Reputation: 34793
I have the following html code segment:
<br>
Date: 2010-06-20, 1:37AM PDT<br>
<br>
Daddy: <a href="...">www.google.com</a>
<br>
I want to extract
Date: 2010-06-20, 1:37AM PDT
and
Daddy: <a href="...">www.google.com</a>
with the help of java regex.
So what regex I should use?
Upvotes: 1
Views: 171
Reputation: 383966
This should give you a nice starting point:
String text =
" <br>\n" +
" Date: 2010-06-20, 1:37AM PDT<br> \n" +
" <br> \n" +
"Daddy: <a href=\"...\">www.google.com</a> \n" +
"<br>";
String[] parts = text.split("(?:\\s*<br>\\s*)+");
for (String part : parts) {
System.out.println("[" + part + "]");
}
This prints (as seen on ideone.com):
[]
[Date: 2010-06-20, 1:37AM PDT]
[Daddy: <a href="...">www.google.com</a>]
This uses String[] String.split(String regex)

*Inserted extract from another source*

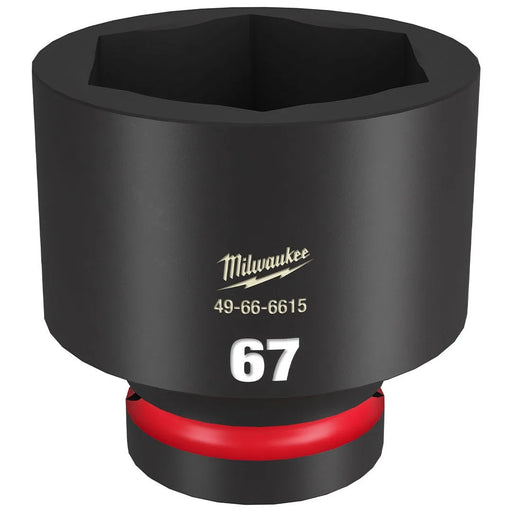 Milwaukee Shockwave Impact Duty 1" Drive 67mm Standard 6 Point Socket 49-66-6615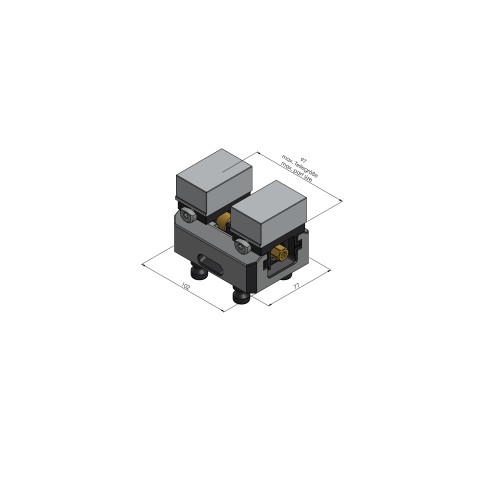 44085-46: Profile Clamping Vise Avanti 77 (Technical drawing )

. The regex pattern is "one or more of <br>
, with preceding or trailing whitespaces.
You can also use Splitter
from Guava. It's actually a lot more readable, and can omitEmptyStrings()
.
Splitter splitter = Splitter.on("<br>").trimResults().omitEmptyStrings();
for (String part : splitter.split(text)) {
System.out.println("[" + part + "]");
}
This prints:
[Date: 2010-06-20, 1:37AM PDT]
[Daddy: <a href="...">www.google.com</a>]
Upvotes: 1